Lígia Maria de Abreu Carvalho

Personal information
- Born: 1957 São Paulo, Brazil
- Died: 1993 (aged 35–36)

Chess career
- Country: Brazil

= Lígia Maria de Abreu Carvalho =

Brazilian chess player

Lígia Maria de Abreu Carvalho (1957 – 1993) was a Brazilian chess player, three-times Brazilian Women's Chess Championships winner (1978, 1979, 1980).

== Chess career ==
Lígia Maria de Abreu Carvalho, from São Paulo, was the daughter of Adriano Salles Toledo Carvalho and Maria Noêmia Abreu Carvalho, and sister of chess player, journalist and writer Herbert Abreu de Carvalho, director of the Chess League and Brazilian Chess Championship runner-up in 1980.

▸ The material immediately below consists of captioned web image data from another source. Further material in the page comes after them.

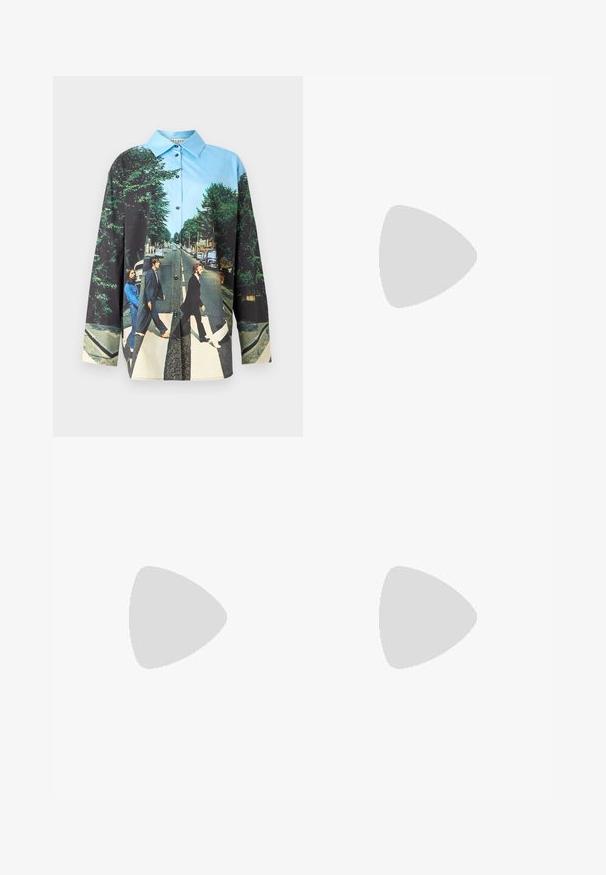 Alice + Olivia FINELY LONG SHIRT - Blusa - multi coloured; Falda midi de punto blanca que presenta un patrón texturizado con líneas verticales y detalles recortados cerca del bajo. Cintura elástica. Material suave.; Bailarina de piel negra con punta redondeada, textura suave, detalle de costura minimalista y diseño de suela flexible.; Bolso de mano de cuero marrón con cierre de solapa, herrajes en tono dorado, correa para el hombro y una textura suave. Forma rectangular compacta.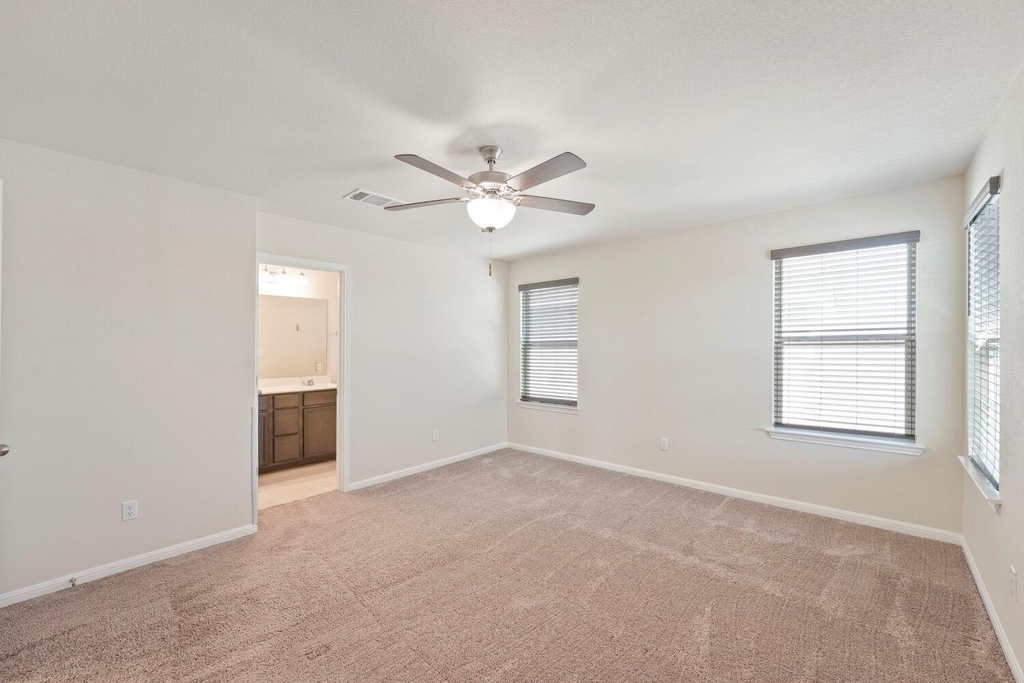 202 Driftwood Ln - Photo 16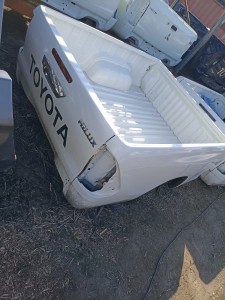 TOYOTA HILUX 2016 17 18 19 PAKA BAGAŻNIKA  2-DRZWIOWY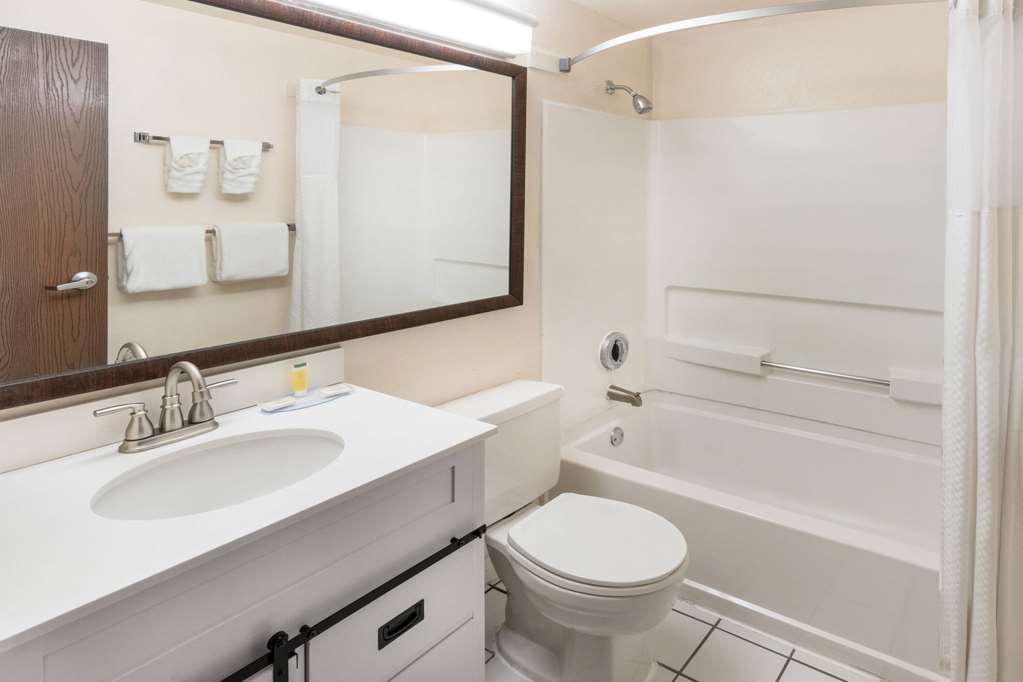 Super 8 by Wyndham Cheyenne WY - photo 18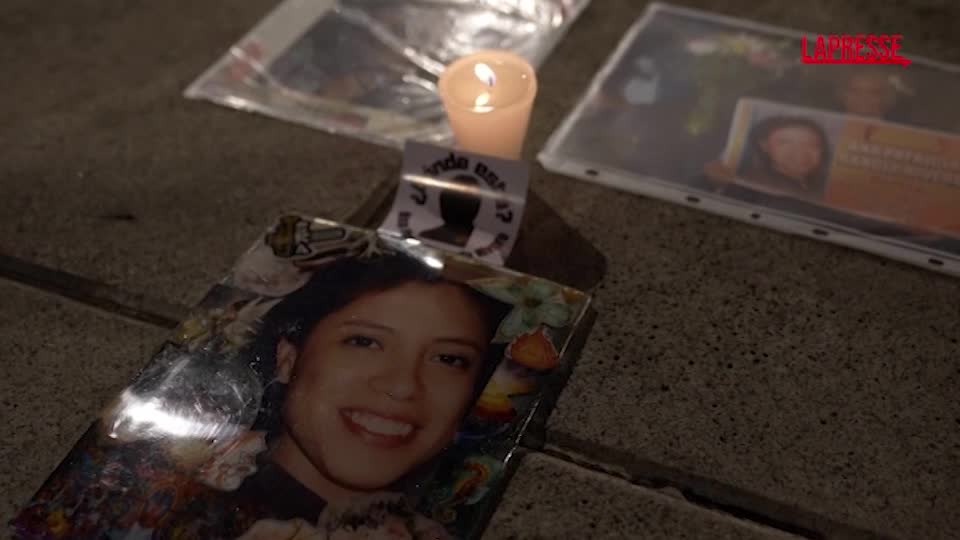 Messico, i familiari dei desaparecidos ricordano i loro cari alla vigilia della Festa della Mamma Messico, i familiari dei desaparecidos ricordano i loro cari alla vigilia della Festa della Mamma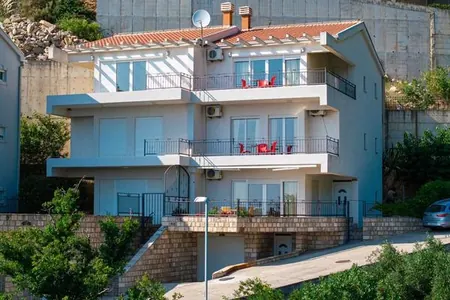 House for rent 3 floors, Rezevici, Perazica Do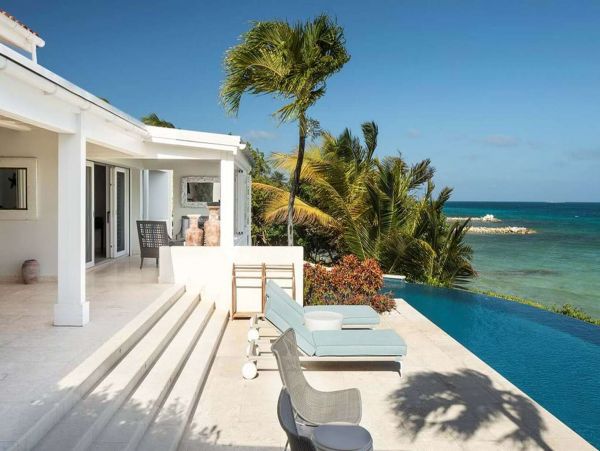 Antigua Barbuda Home 1001440
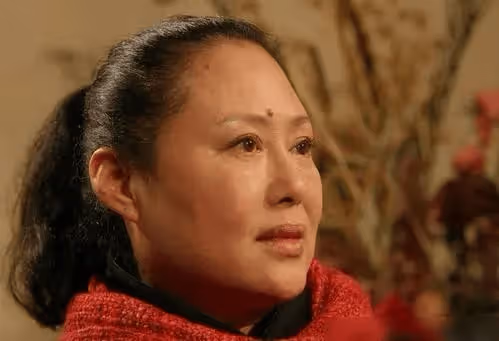 躋身一線明星不易,卻在當紅時改換國籍,為了事業還是追隨愛情?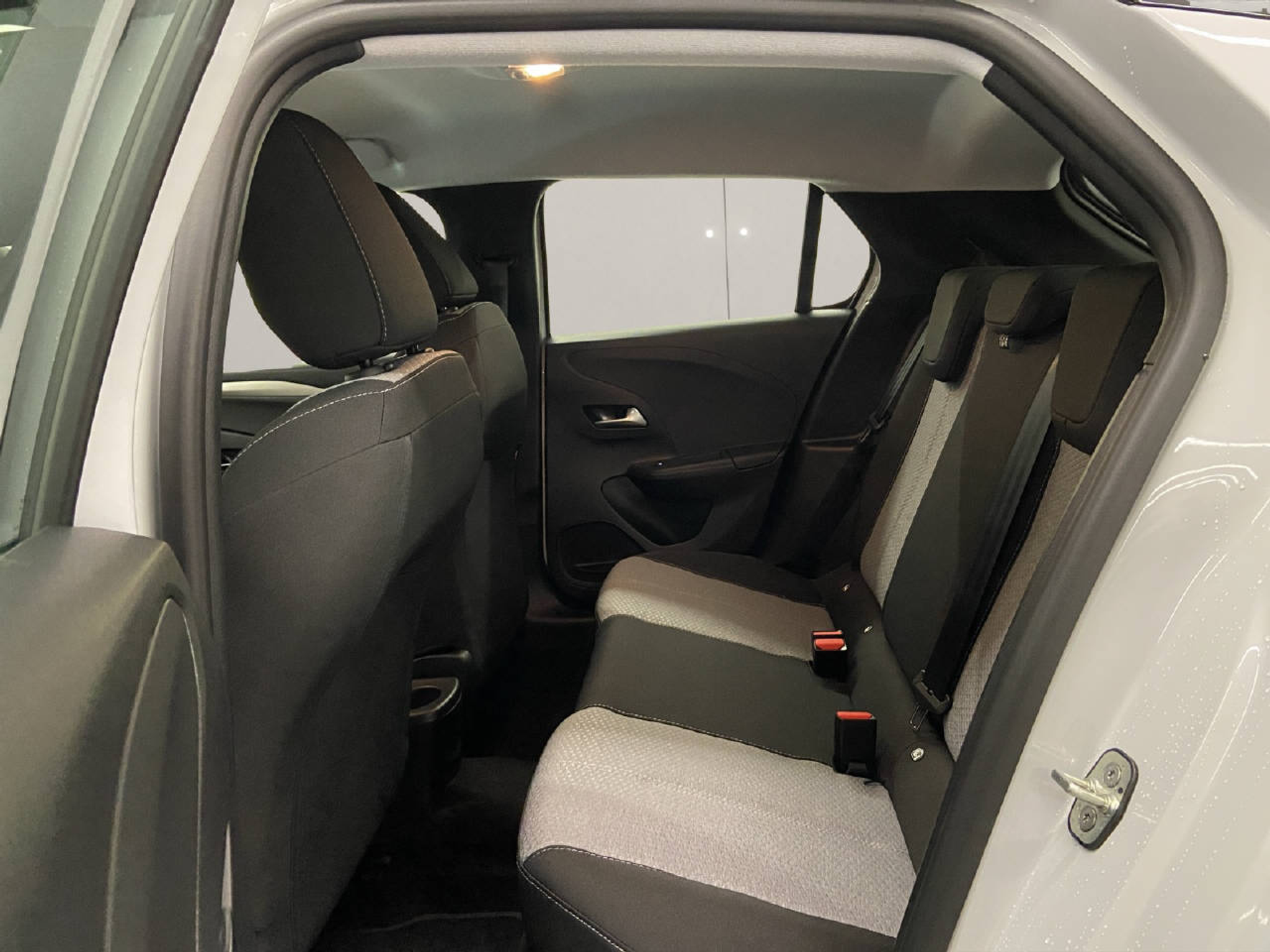 listing desktop thumbnail image 10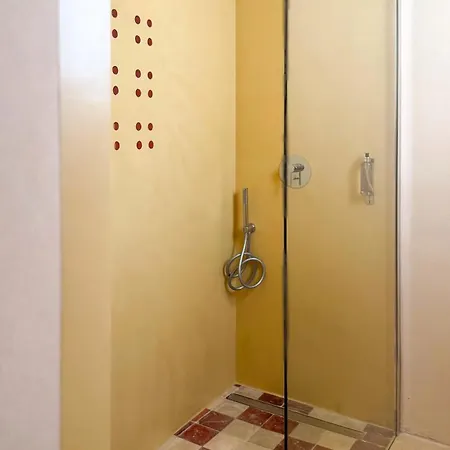 Palazzo Vigilarium - Boutique - Rooftop & Arts בית הארחה
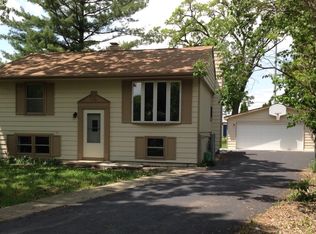 218 Lakewood Dr, Antioch, IL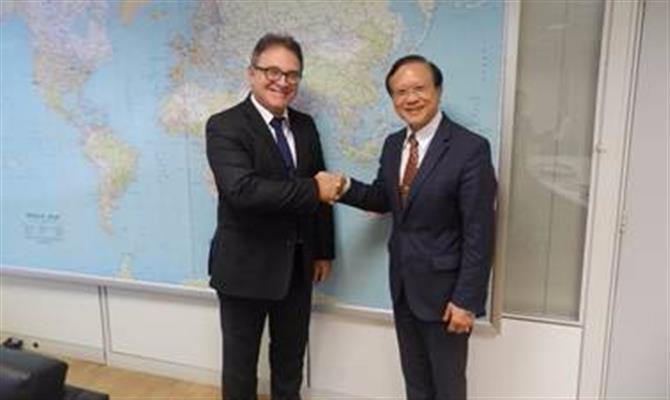 Lummertz recebe o embaixador taiwanês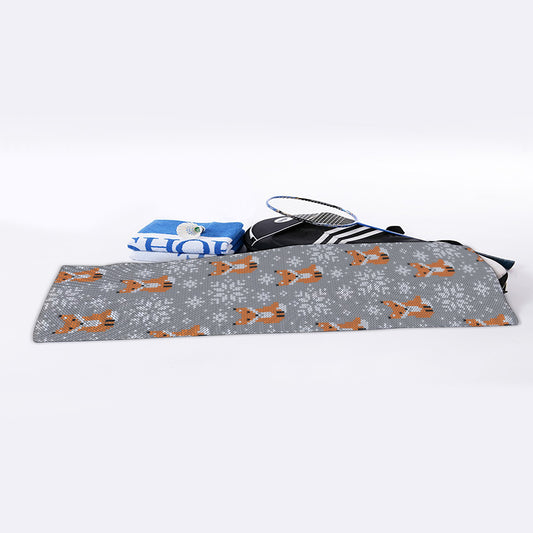 Snowy Fox Knitted Pattern Print Sports Towel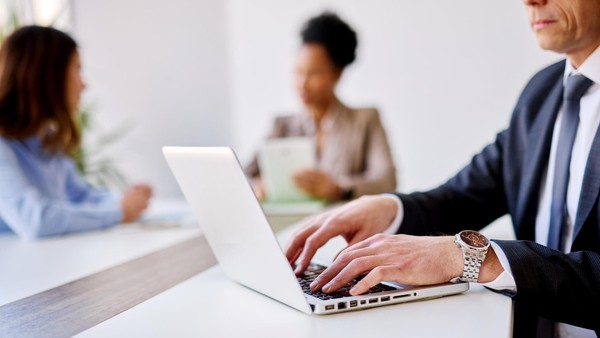 Arbeitslosigkeit in Essen steigt stark: Jetzt trifft es die Akademiker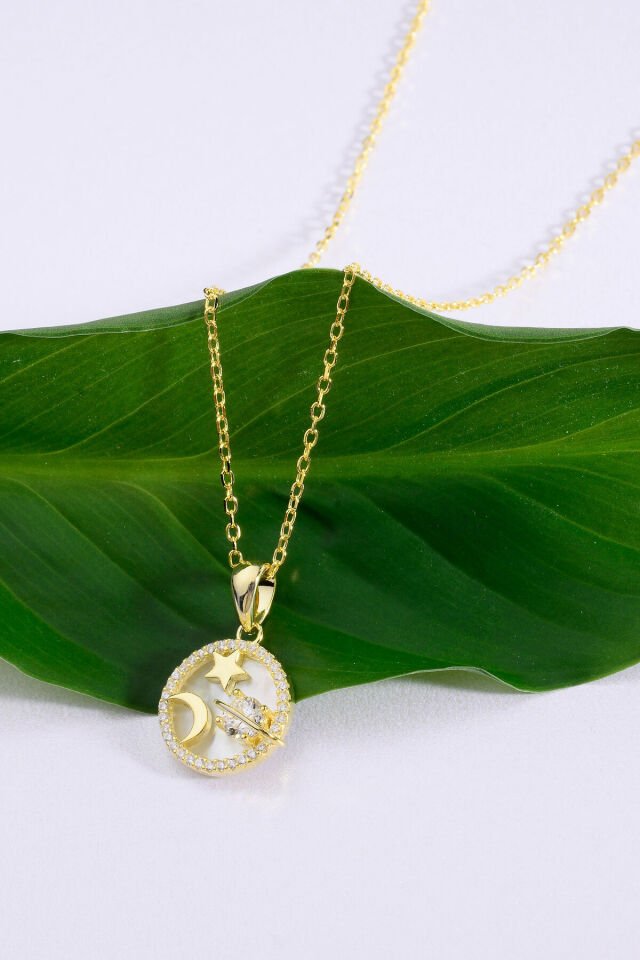 Altın Kaplama 925 Ayar Gümüş Galaksi Temalı Sedefli Yuvarlak Çerçeveli Kolye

Lígia Maria de Abreu Carvalho competed many times in the individual finals of the Brazilian Women's Chess Championship and three times in row won this tournament: from 1978 to 1980. In 1978 and 1980 she won São Paulo Women's Chess Championships. In 1982, in Morón she participated in Women's World Chess Championship South American Zonal tournament and ranked in 6th place.

Lígia Maria de Abreu Carvalho played for Brazil in the Women's Chess Olympiad:
- In 1980, at first board in the 9th Chess Olympiad (women) in Valletta (+4, =5, -3).

Lígia Maria de Abreu Carvalho graduated in literature from the University of São Paulo.